La Commission veut autoriser une approche plus souple

Le système d'autorisation strict déjà en place, qui repose sur des données scientifiques, la sécurité et le choix du consommateur, sera maintenu.

En donnant aux Etats membres la liberté, nouvelle, d'accepter ou non les cultures génétiquement modifiées, la Commission veut tenir compte des préoccupations des citoyens concernant les OGM, lesquelles peuvent varier d'un pays à l'autre. Selon la Commission, la nouvelle approche vise à "trouver un bon équilibre entre le maintien du système d'autorisation de l'UE et le pouvoir de décision accordé aux États membres en ce qui concerne la présence de cultures génétiquement modifiées sur leur territoire". La proposition concrétise les orientations politiques du président Barroso, présentées en septembre 2009. L'adjonction de cette liberté au cadre législatif en place pour les OGM est censée garantir un fonctionnement efficace du système d'autorisation de ces organismes.
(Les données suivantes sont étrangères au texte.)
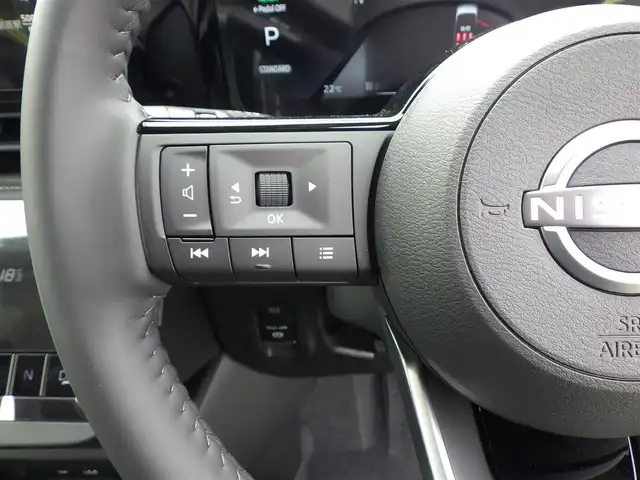 日産 セレナ e－パワー ハイウェイスター V 千葉県 2025(令7)年 0.1万km未満 プリズムホワイト e-POWER　ハイウエイスターV　ヘッドランプ オートレベライザー+アダプティブLEDヘッドライトシステム+インテリジェント アラウンドビューモニター（移動物 検知機能付）+インテリジェント ルームミラー+アドバンスドドライブアシストディスプレイ（12.3インチカラーディスプレイ）+統合型インターフェースディスプレイ+ワイヤレス充電器+6スピーカー+NissanConnectナビゲーションシステム（地デジ内蔵）+車載通信ユニット（TCU［Telematics Control Unit］）+ETC2.0ユニット（ビルトインタイプ）+ドライブレコーダー（前後セット）+プロパイロット（ナビリンク機能付）+プロパイロット緊急停止支援システム（SOSコール機能付）+SOSコール（488/400円）/エマージェンシーブレーキ/プロパイロット/インテリジェントクルーズコントロール/インテリジェントルームミラー/ハンズフリー両側パワースライドドア/ワイヤレス充電/純正コネクトナビ/地デジTV/【Bluetooth接続】/アラウンドビューモニター/革巻きステアリング/ステアリングスイッチ/LEDヘッドライト/フォグライト/ウインカーミラー/コーナーセンサー/純正16インチアルミホイル/インテリジェントキー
En guise de première étape dans le cadre de la législation existante, la nouvelle recommandation présentée le 13 juillet 2010, qui établit des lignes directrices pour l'élaboration de mesures nationales de coexistence des cultures, remplace la précédente recommandation de 2003. Celle-ci établissait un lien direct entre l'instauration de ces mesures et le respect du seuil de 0,9 % fixé pour la mention obligatoire de la présence d'OGM sur l'étiquette des denrées alimentaires, des aliments pour animaux ou des produits destinés à être directement transformés. Elle conseillait aux États membres de limiter les mesures de coexistence (par exemple la longueur des distances entre parcelles avec OGM et sans OGM) de manière à respecter le seuil de 0,9 % pour la présence d'OGM dans d'autres cultures.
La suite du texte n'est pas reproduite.